Texaco Refining and Marketing Co., Inc. v. Commissioner of Revenue Services

Decision Date24 March 1987
Citation202 Conn. 583,522 A.2d 771
CourtConnecticut Supreme Court
PartiesTEXACO REFINING AND MARKETING COMPANY, INC. v. COMMISSIONER OF REVENUE SERVICES.

John W. Cannavino, Stamford, with whom were William H. Narwold, Hartford, Herbert W. Powell, pro hac vice, and, on the brief, Medina S. Vasily, Stamford, for appellant (plaintiff).

Edward T. Blair, Asst. Atty. Gen., with whom were Richard K. Greenberg, Asst. Atty. Gen., and, on the brief, Joseph I. Lieberman, Atty. Gen., for appellee (defendant).

Before PETERS, C.J., and ARTHUR H. HEALEY, SHEA, DUPONT and McKEEVER, JJ.

PETERS, Chief Justice.

The sole issue in this case, which comes to us by way of reservation, is whether moneys collected as a tax from customers are includable in the Connecticut gross earnings tax on the sale of petroleum products. 1 The plaintiff, Getty Refining and Marketing Company, Inc., 2 appealed to the Superior Court from a decision of the defendant commissioner holding that the plaintiff had underpaid the gross earnings tax imposed by General Statutes § 12-587 3 for the years 1980 through 1984. The trial court granted a motion for reservation upon stipulated facts to determine the propriety of the defendant's computation of the plaintiff's gross earnings tax. We conclude that the reserved question 4 is to be answered in the affirmative.

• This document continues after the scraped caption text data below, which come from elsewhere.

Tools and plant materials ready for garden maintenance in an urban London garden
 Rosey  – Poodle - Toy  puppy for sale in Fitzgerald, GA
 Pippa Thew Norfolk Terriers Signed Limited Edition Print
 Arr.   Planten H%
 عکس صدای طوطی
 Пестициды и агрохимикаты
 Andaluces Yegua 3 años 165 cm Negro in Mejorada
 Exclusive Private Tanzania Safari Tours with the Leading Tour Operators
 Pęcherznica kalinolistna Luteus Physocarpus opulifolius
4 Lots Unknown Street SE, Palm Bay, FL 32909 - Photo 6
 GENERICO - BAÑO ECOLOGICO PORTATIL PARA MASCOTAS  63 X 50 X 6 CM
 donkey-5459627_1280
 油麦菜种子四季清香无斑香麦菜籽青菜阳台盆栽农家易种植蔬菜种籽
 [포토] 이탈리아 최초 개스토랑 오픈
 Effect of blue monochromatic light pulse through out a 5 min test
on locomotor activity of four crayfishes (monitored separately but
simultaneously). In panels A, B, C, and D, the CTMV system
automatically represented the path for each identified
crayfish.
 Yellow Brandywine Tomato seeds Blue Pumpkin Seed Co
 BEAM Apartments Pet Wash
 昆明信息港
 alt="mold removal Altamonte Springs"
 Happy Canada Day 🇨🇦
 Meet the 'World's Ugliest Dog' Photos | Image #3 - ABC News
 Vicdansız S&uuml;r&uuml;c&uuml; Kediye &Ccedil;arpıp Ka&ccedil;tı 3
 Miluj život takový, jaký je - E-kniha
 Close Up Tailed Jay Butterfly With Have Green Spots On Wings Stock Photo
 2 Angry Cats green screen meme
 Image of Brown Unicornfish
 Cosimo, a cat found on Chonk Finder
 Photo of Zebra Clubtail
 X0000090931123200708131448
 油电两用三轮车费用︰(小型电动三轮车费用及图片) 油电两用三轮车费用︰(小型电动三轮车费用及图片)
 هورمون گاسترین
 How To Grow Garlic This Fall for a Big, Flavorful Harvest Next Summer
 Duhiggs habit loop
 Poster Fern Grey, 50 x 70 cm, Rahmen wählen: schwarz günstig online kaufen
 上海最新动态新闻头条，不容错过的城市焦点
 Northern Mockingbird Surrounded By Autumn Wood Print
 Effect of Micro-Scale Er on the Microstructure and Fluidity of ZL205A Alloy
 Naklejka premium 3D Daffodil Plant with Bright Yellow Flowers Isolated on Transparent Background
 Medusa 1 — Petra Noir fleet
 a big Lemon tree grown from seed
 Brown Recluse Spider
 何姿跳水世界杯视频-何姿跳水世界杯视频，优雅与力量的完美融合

The parties stipulated to the following facts. The plaintiff is a Delaware corporation authorized to do business in this state. On its invoices to Connecticut purchasers of its petroleum products, the plaintiff charged these purchasers separately for the sales price and for the 2 percent Connecticut gross earnings tax that it collected from them pursuant to General Statutes § 12-587. 5 In filing its quarterly gross earnings tax returns between December 31, 1980, and March 31, 1984, the plaintiff did not report as gross earnings the 2 percent which, in its invoices, it had labeled as a separate charge for the gross earnings tax.

Disagreeing with the plaintiff's exclusion of the 2 percent in its calculation of the gross earnings tax, the department of revenue services notified the plaintiff that it owed an additional gross earnings tax on the excluded 2 percent charge for the relevant tax years. 6 The plaintiff sought administrative relief from this ruling pursuant to General Statutes § 12-595 7 but the defendant, after a hearing, upheld the department's conclusion that the plaintiff was liable for the additional tax, interest and penalties. The plaintiff paid this amount in full, under protest, as it was required to do by General Statutes § 12-600, 8 before commencing its appeal to the trial court pursuant to General Statutes § 12-597. 9

In the trial court, the parties jointly requested that the case be reserved for appellate advice on the stated question of law whether the gross earnings upon which § 12-587 levies a tax includes the two percent charge collected by the plaintiff taxpayer from its customers. The trial court granted this request, and, after transfer of the appeal to this court, the present proceedings ensued.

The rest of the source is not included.